From my previous experiment, even group normalization can not fully eliminate the degradation caused by a smaller batch size. In my case, the statistics are calculated on 18 samples at a time, while on yours they are calculated on 8 samples per GPU. I would recommend you to try to fix the sync_batchnorm to make training more stable.

emanueledelsozzo commented 5 years ago

@zxhuang97 thank you for your advices. What do you mean when you say try to fix the sync_batchnorm? I looked at the code and it is not really clear to me what I shall change.

zxhuang97 commented 5 years ago

@emanueledelsozzo In the readme, the author said this module doesn't work for the moment, and there might be some unknown bugs. If you think the code is alright, maybe you can give it a try Seems that there's an official implementation now, torch.nn.SyncBatchNorm.

emanueledelsozzo commented 5 years ago

@zxhuang97 ok, thank you, I'll have a look at that

damlasena commented 4 years ago

Hello guys, I trained the code with two classes and each of them consists of ~20000 images. I got an fid of 45 with a batch_size of 26, dimensions of 128x128 and group normalization on TitanXp . Then I took 5 random crops for each image to augment data due to the fact that my dataset is compose of high resolution images. So, I obtained ~120000 images per class and trained the augmented dataset. Eventually, the fid value decreased to 20. However, the IS value didn't increase above 5. After the training, when I sampled, I observed that quality of generated images is good, but the images are not diverse from each other. I suppose, the reason is a partial mode collapse. Do you have any suggestions to increase the IS and consequently diversity of the images?

cs83312 commented 4 years ago

Hi @emanueledelsozzo ,how do you build custom dataset on bigGan. i am making images convert to hd5f file, but bigGan doesn't read. maybe just adjust utils.py to read image file?

thanks

damlasena commented 4 years ago

You should update the "# Convenience dicts" part in utils.py according to features of your data set. Then you will check the dataset directory, it should be ../data/ImageNet/folder_class_1, ../data/ImageNet/folder_class_2 and so on. As you can see in the prepare_data script, you will give the dataset parameter as 'data' not 'ImageNet'. After the make_hdf5.py code finish, your hdf5 file will be created in 'data' folder.
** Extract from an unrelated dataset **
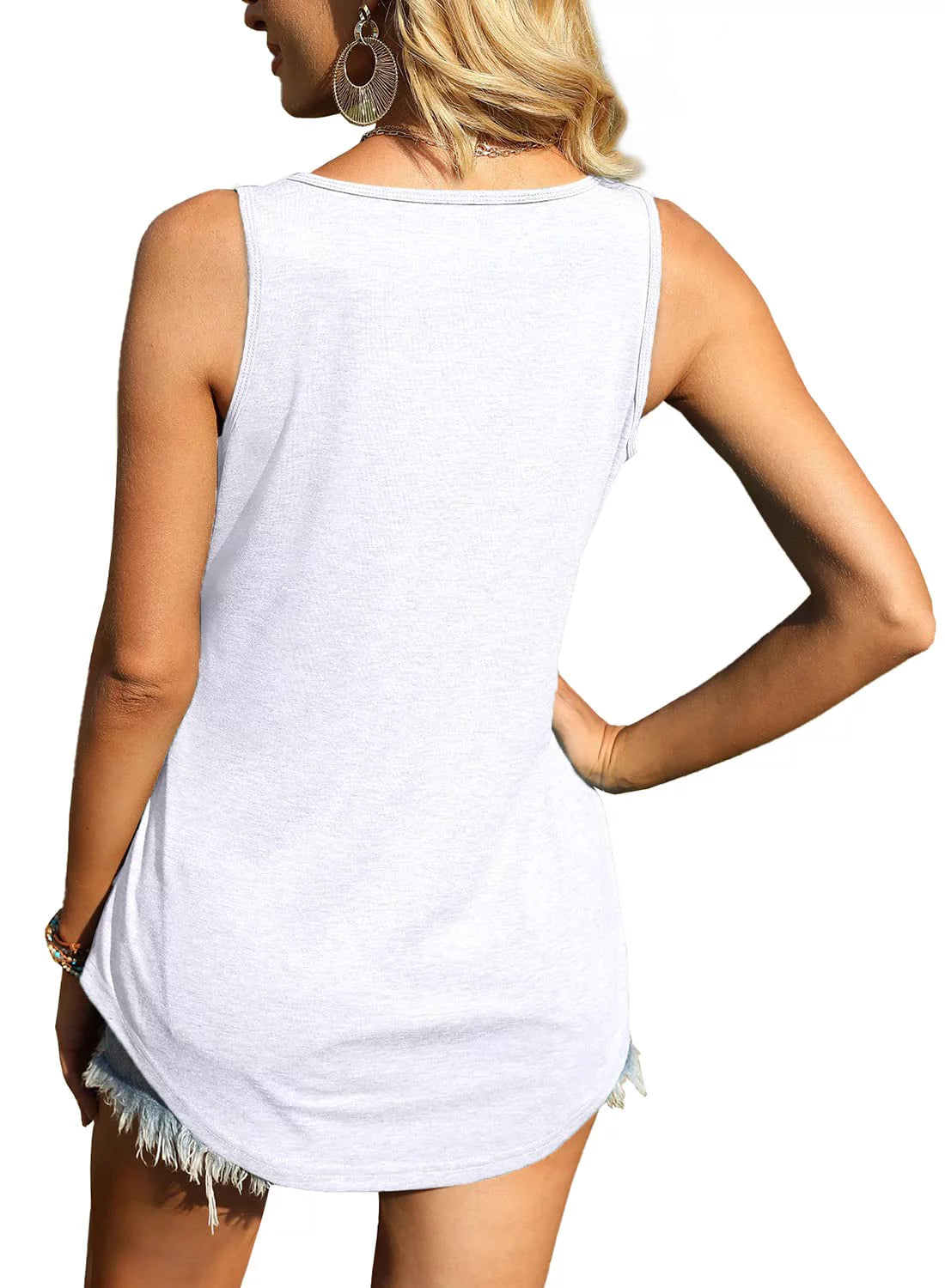 Summer Womens Tank Tops U Neck Casual Flowy Sleeveless Shirts for Women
JanineCHEN commented 4 years ago

Hello guys, I trained the code with two classes and each of them consists of ~20000 images. I got an fid of 45 with a batch_size of 26, dimensions of 128x128 and group normalization on TitanXp . Then I took 5 random crops for each image to augment data due to the fact that my dataset is compose of high resolution images. So, I obtained ~120000 images per class and trained the augmented dataset. Eventually, the fid value decreased to 20. However, the IS value didn't increase above 5. After the training, when I sampled, I observed that quality of generated images is good, but the images are not diverse from each other. I suppose, the reason is a partial mode collapse. Do you have any suggestions to increase the IS and consequently diversity of the images?

Having partial mode collapse also, have you figured out how to avoid the mode collapse?

Baran-phys commented 4 years ago

Hello guys, what is your experience with reducing the attention channel to 32 or reducing the feature channels to 16 for 256*256?